The Independent Commission Against Corruption (ICAC) announced on Monday morning that Tai, 57, along with Ip Kim-Ching, 55, and Sek Sau-ching, 50, had been charged with violating the Elections (Corrupt and Illegal Conduct) Ordinance (ECICO).
The trio were accused of incurring over HK$253,000 in election expenses by placing six newspaper advertisements in September 2016, even though none of them were candidates or agents.
Tai devised a tactical voting strategy called “ThunderGo” in the lead-up to the 2016 legislative elections. This called for pan-democrats to cooperate in an attempt to win more than half the seats in the Legislative Council. A platform collated voter preferences for particular candidates and gave electors suggestions on how to vote tactically.
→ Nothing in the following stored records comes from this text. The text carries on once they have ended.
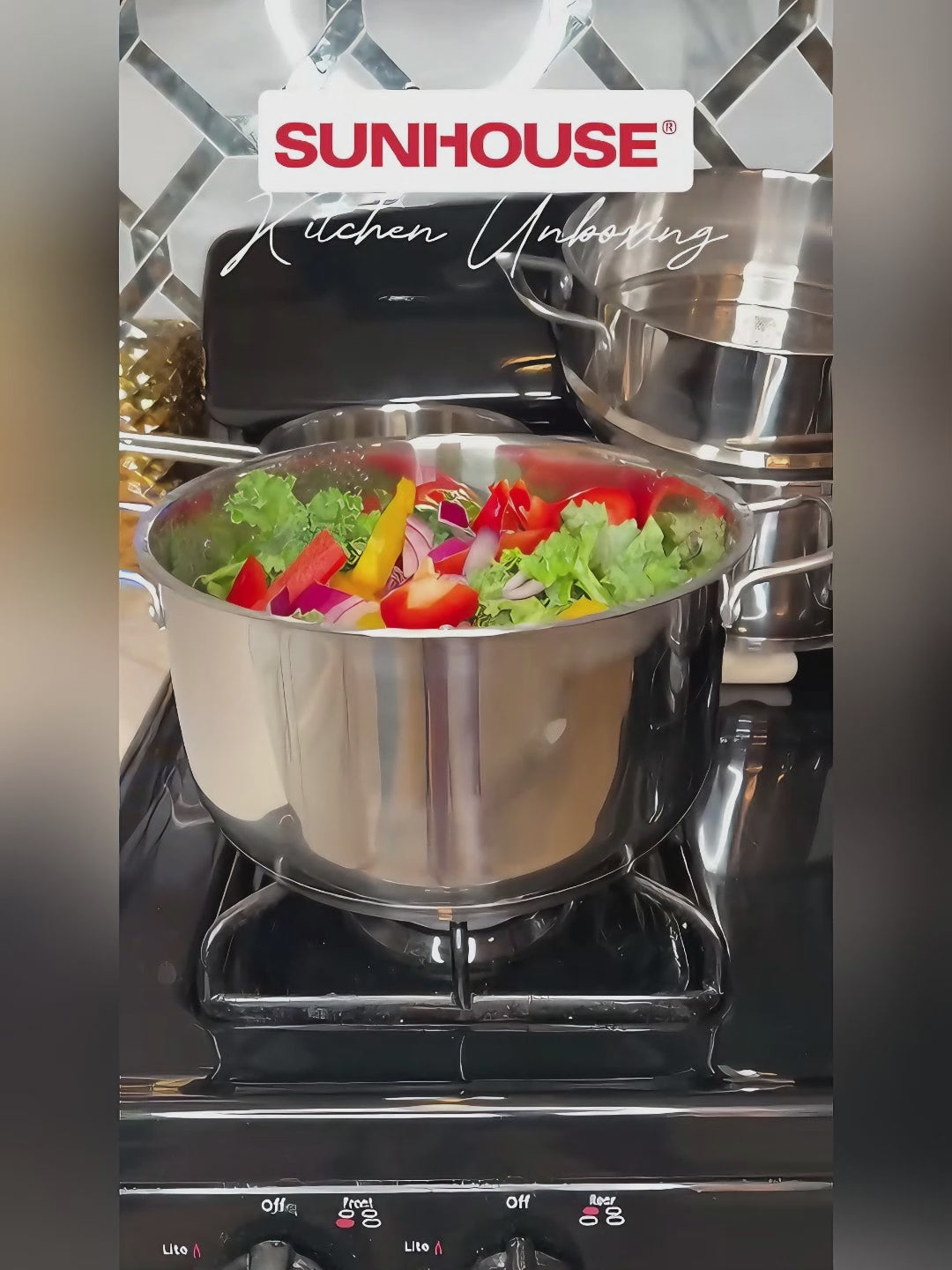 Stainless steel pot with vegetables on a stove, Sunhouse brand visible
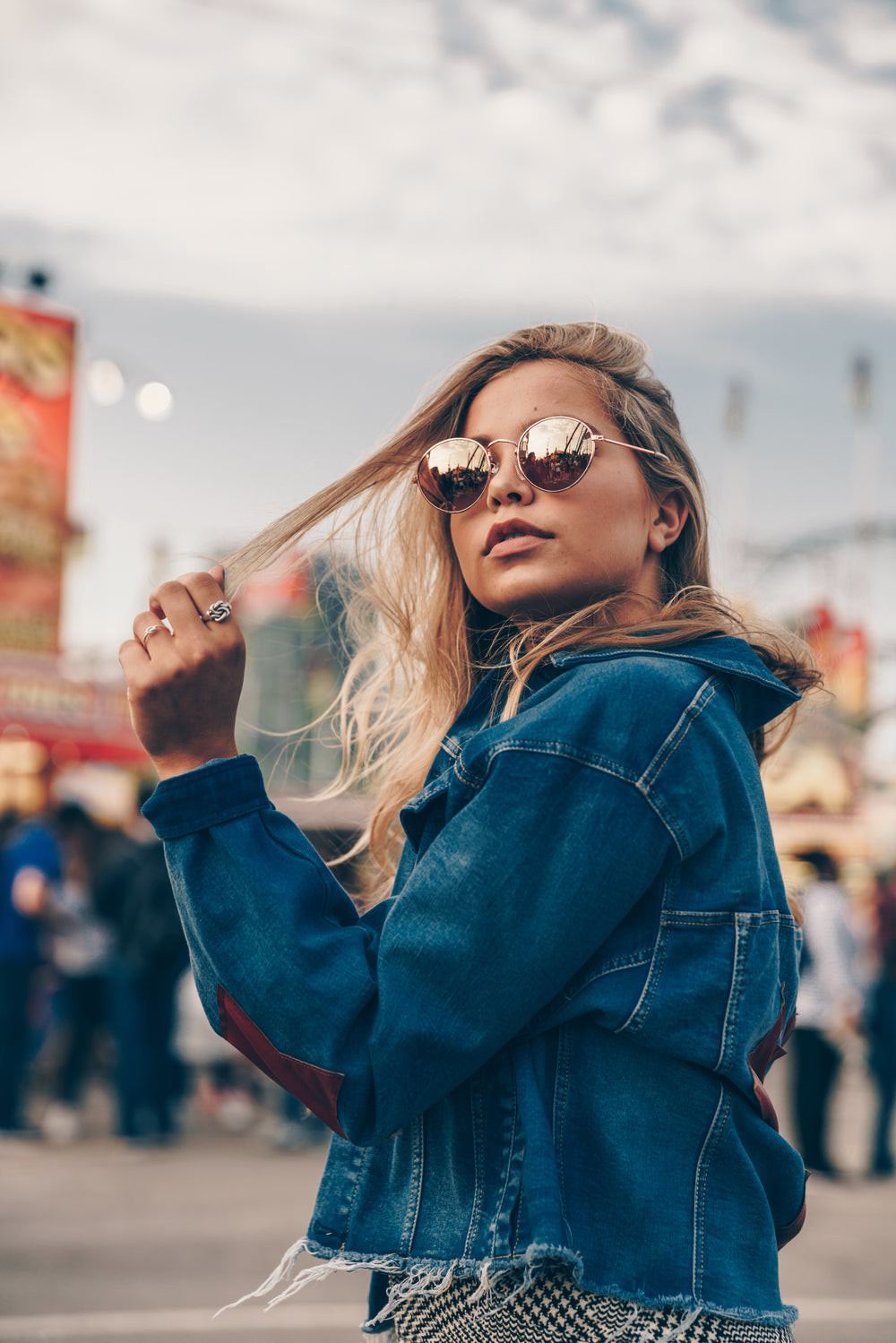 woman playing with blonde hair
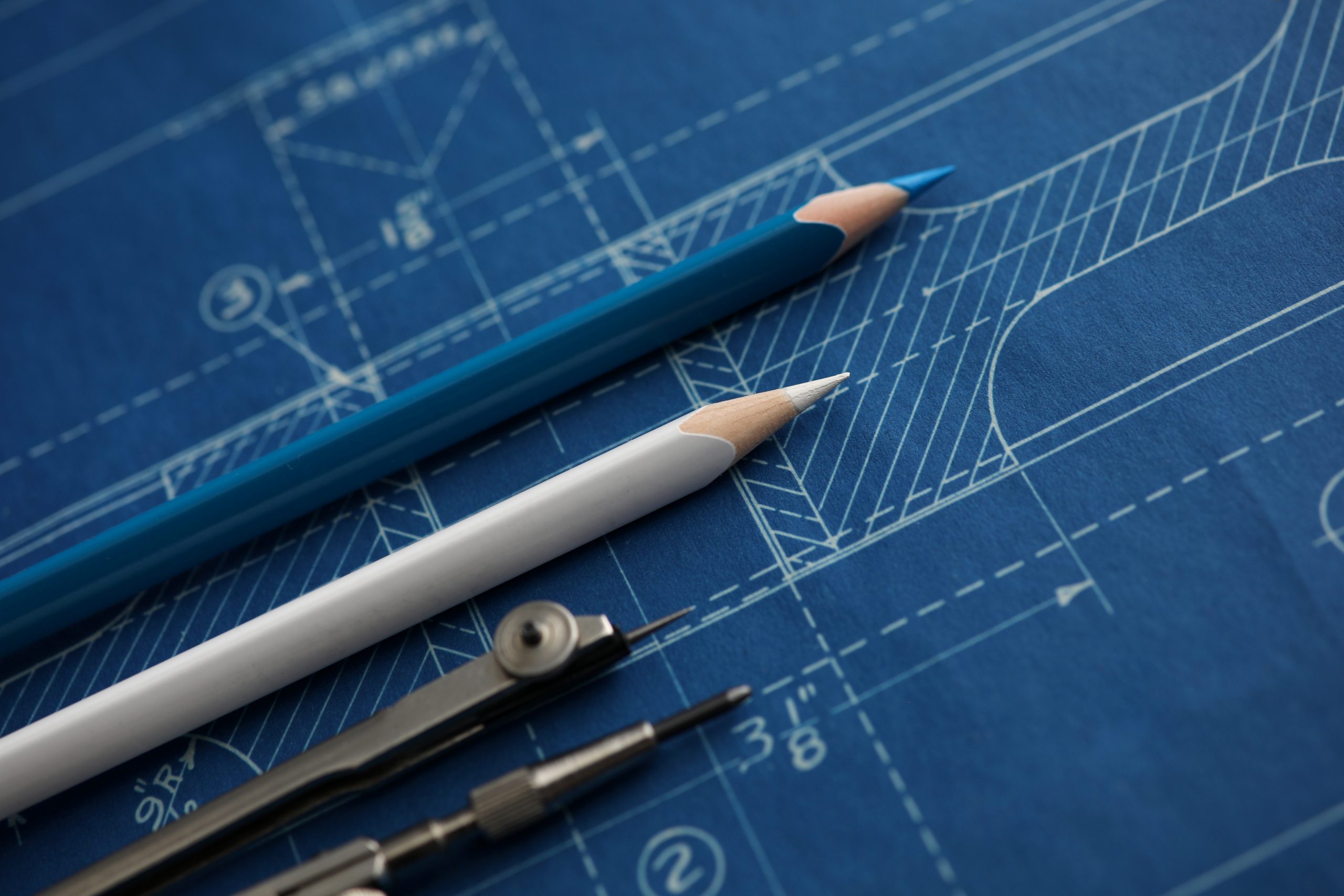 Drawing tools lying over blueprint paper Drawing tools lying over blueprint paper
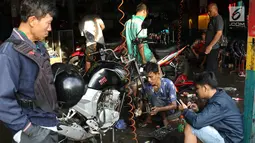 Montir mengecek kondisi kendaraan di bengkel sepeda motor di Jakarta, Jumat (16/6). Musim mudik membawa keberkahan tersendiri bagi bengkel service mobil dan motor. (Liputan6.com/Immanuel Antonius)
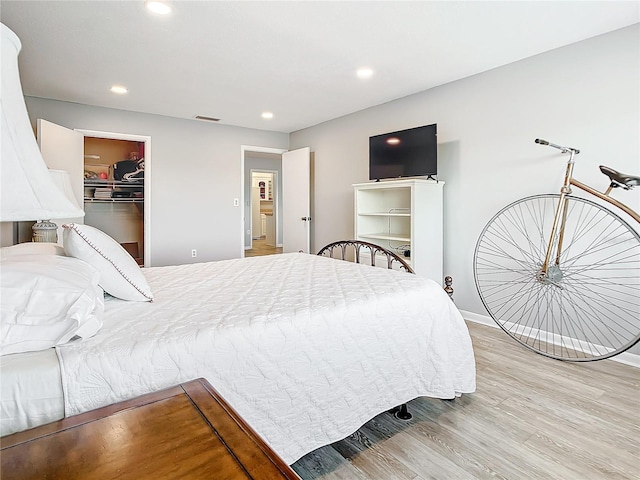 bedroom with wood finished floors, visible vents, recessed lighting, and a walk in closet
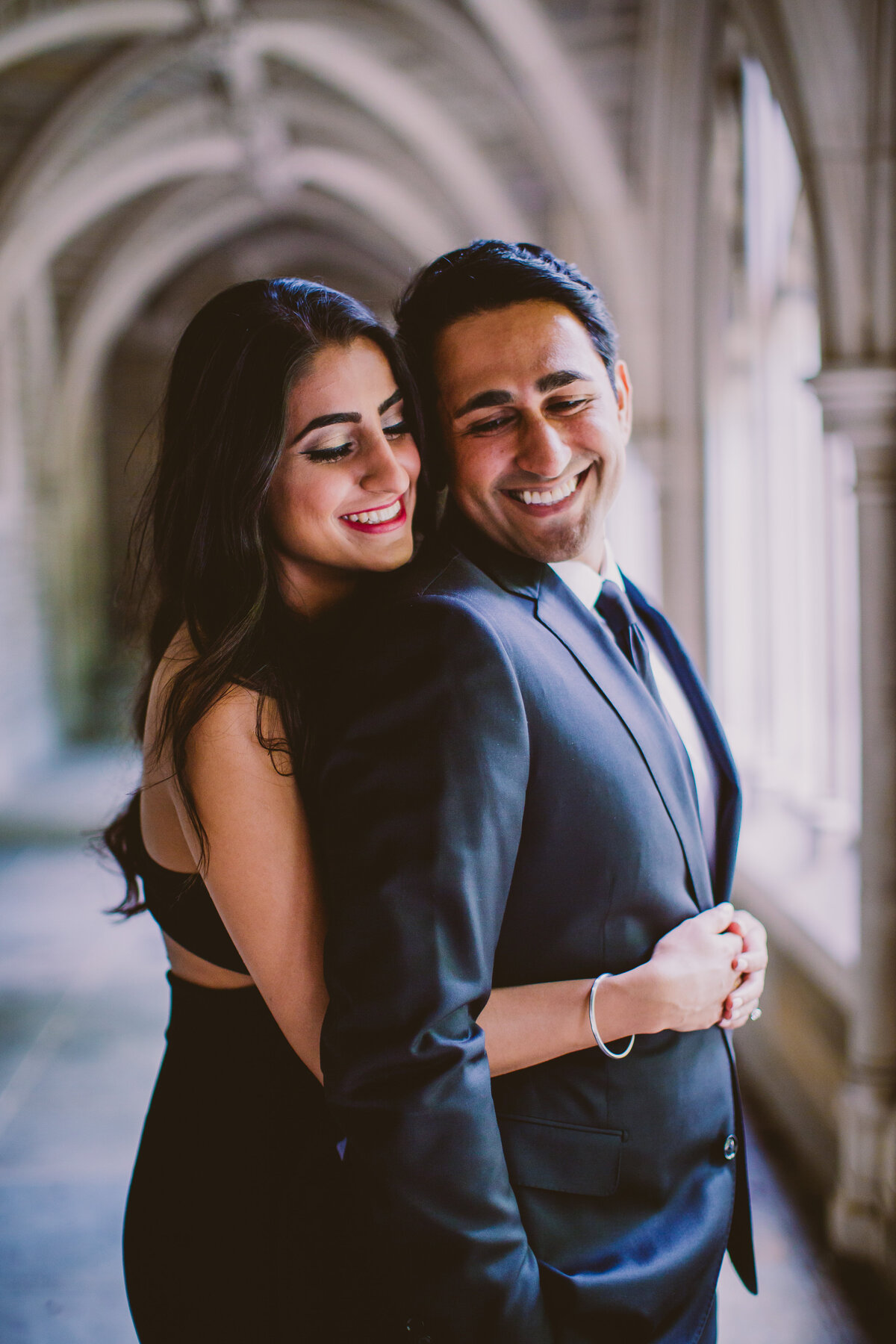 A couple sharing a moment inside a harry potter-esque hallway holder hall in princeton university nj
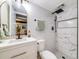 Modern bathroom with a stylish vanity, marble shower, and contemporary fixtures at 1103 S Monaco Pkwy, Denver, CO 80224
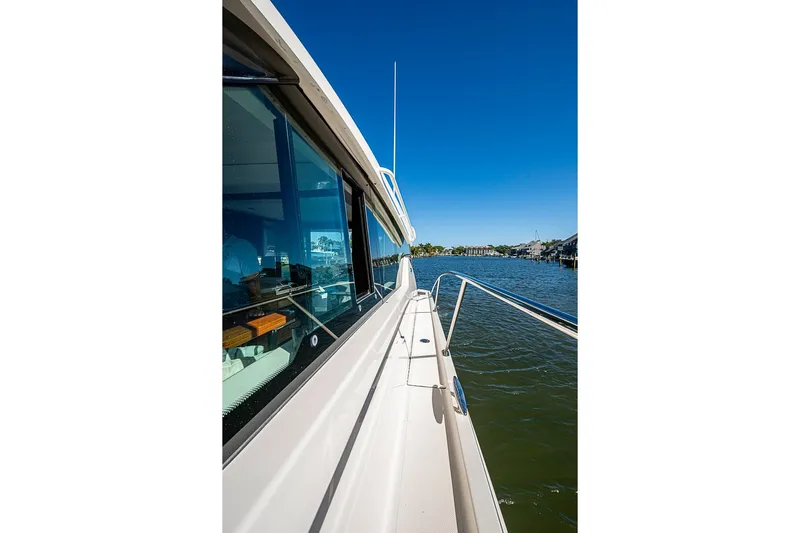 Polaris Yacht Photos Pics 2018 Tiara Yachts C39 Coupe on water, showcasing sleek design and scenic view.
Voters were able to indicate their preference using the platform before the poll, and were then given specific advice on who to vote for. Final tactical voting advice was issued on election night before the polls closed.
The plan proved controversial and some critics said it actually caused the pan-democrats to lose seats.
“Tai, via a radio programme, press conferences and social media, introduced to voters a voting scheme with a goal to have more than half of the elected members coming from a particular group by recruiting voters to cast their votes for particular candidates based on recommendations to be provided by the scheme,” the ICAC statement read.
The trio used a company called The Eggs Alliance Company Limited (Eggs Alliance) to pay for three newspaper advertisements in Ming Pao newspaper, and three in the now-defunct Apple Daily newspaper. Ip and Sek were both directors of the company and controlled its bank account, the anti corruption agency said.
“Section 23(1) of the ECICO stipulates that it is an illegal conduct for a person, other than a candidate or a candidate’s election expense agent, to incur election expenses at or in connection with the election,” the statement read. “Any expenditure incurred for promoting or prejudicing the election of a particular candidate or particular candidates should be counted as election expenses.”
Tai has been in custody since February this year after he and dozens of others were charged with violating the national security law in connection with a primary election to select democratic candidates in July 2020.